Babel, or the Necessity of Violence: an Arcane History of the Oxford Translators' Revolution by R.F. Kuang
My rating: 4 of 5 stars
R.F. Kuang's long awaited entry in the dark academia genre turned a lot of heads for months, even years, before its publication - and already the phenomenon is looking to repeat itself in her next novel Yellowface, her most realistic book yet but also very incisive in its social commentary from all the buzz I'm seeing about it already. Kuang is no stranger to harsh critiques of Western society and history, and this book, in which she shifts away from the largely allegorical parallels of the Poppy War trilogy and towards the real history of English imperialism (and yet still with some magical allegories to underline her thesis, as it were), is no exception.
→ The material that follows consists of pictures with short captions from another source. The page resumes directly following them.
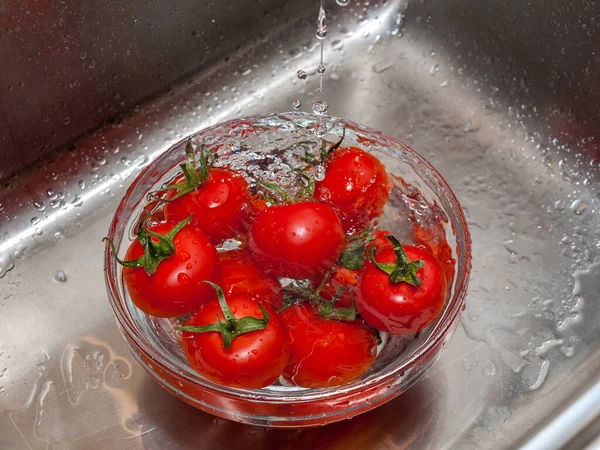 Mano Una Mujer Sostiene Los Tomates Bajo Agua Corriente Del — Foto de Stock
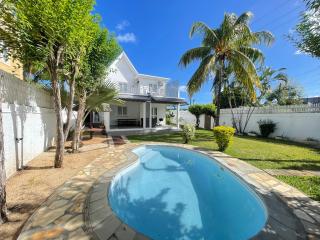 Villa Roche Noire with Pool- 4 mins from Beach - 0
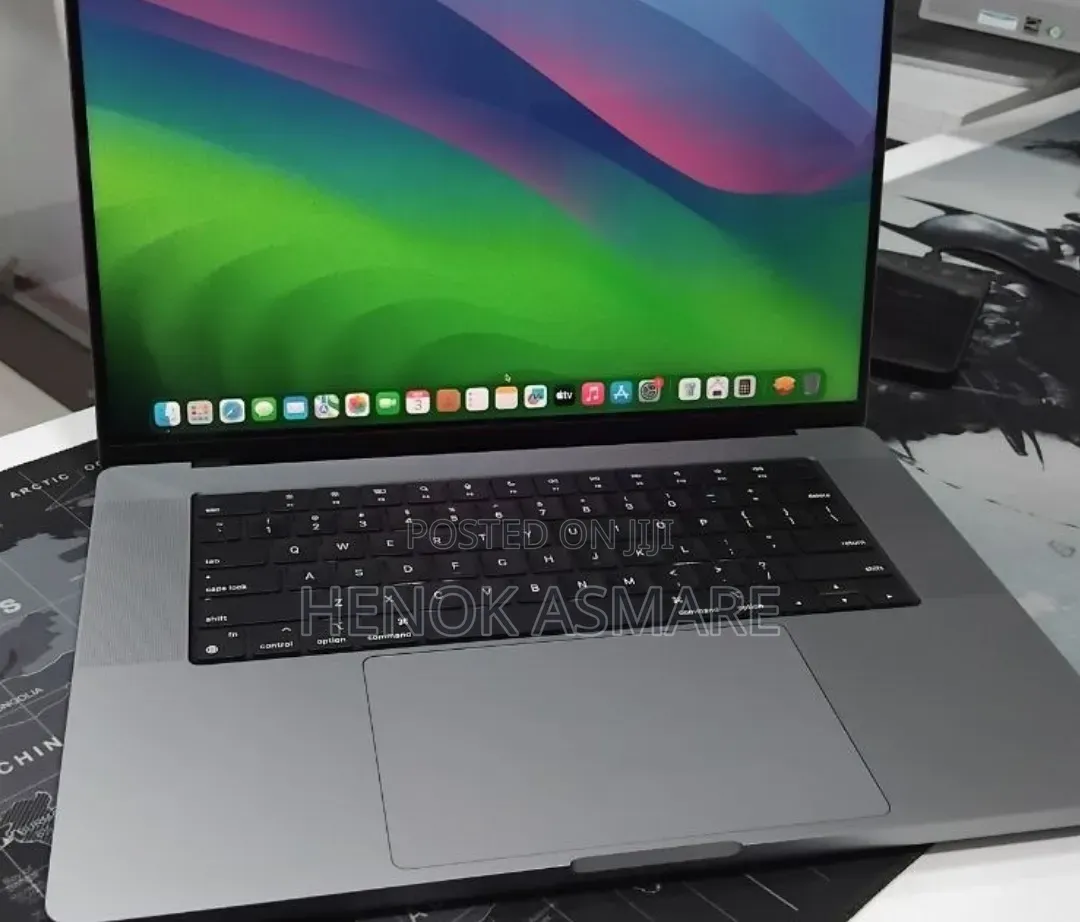 New Laptop Apple MacBook Pro 2021 M1 32GB Apple M1 SSD 1T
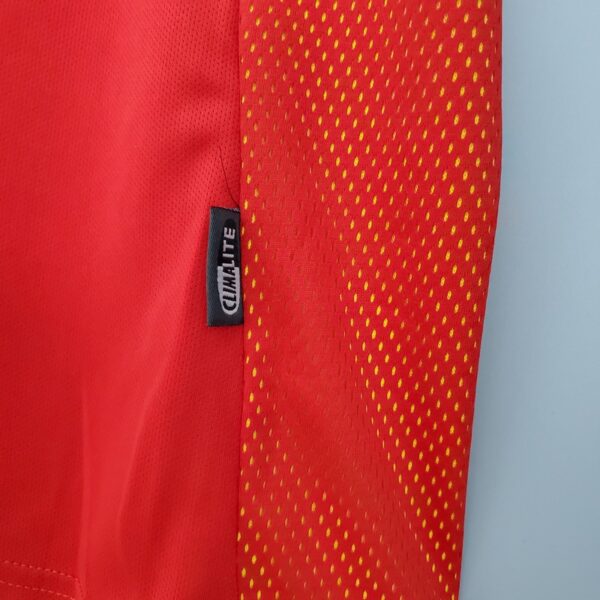 Spain 2002 Home Retro Jersey - Image 8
Kuang devotes hundreds of pages to the density of university learning and the subject of language, and the rapacious true purpose of the Babel Institute at Oxford, and the danger inherent in joining a revolutionary group that's been spending years and years planting the seeds for their eventual attack against a system that covers so many continents. And not unlike Kuang's previous novel The Burning God, this book builds up slowly to an ending that absolutely lays waste to everything and everyone in its path. And while there's easy room to assume that there could still be more stories to follow The Burning God, Babel has pretty clearly ended, though its presence in my mind will linger for quite a long time.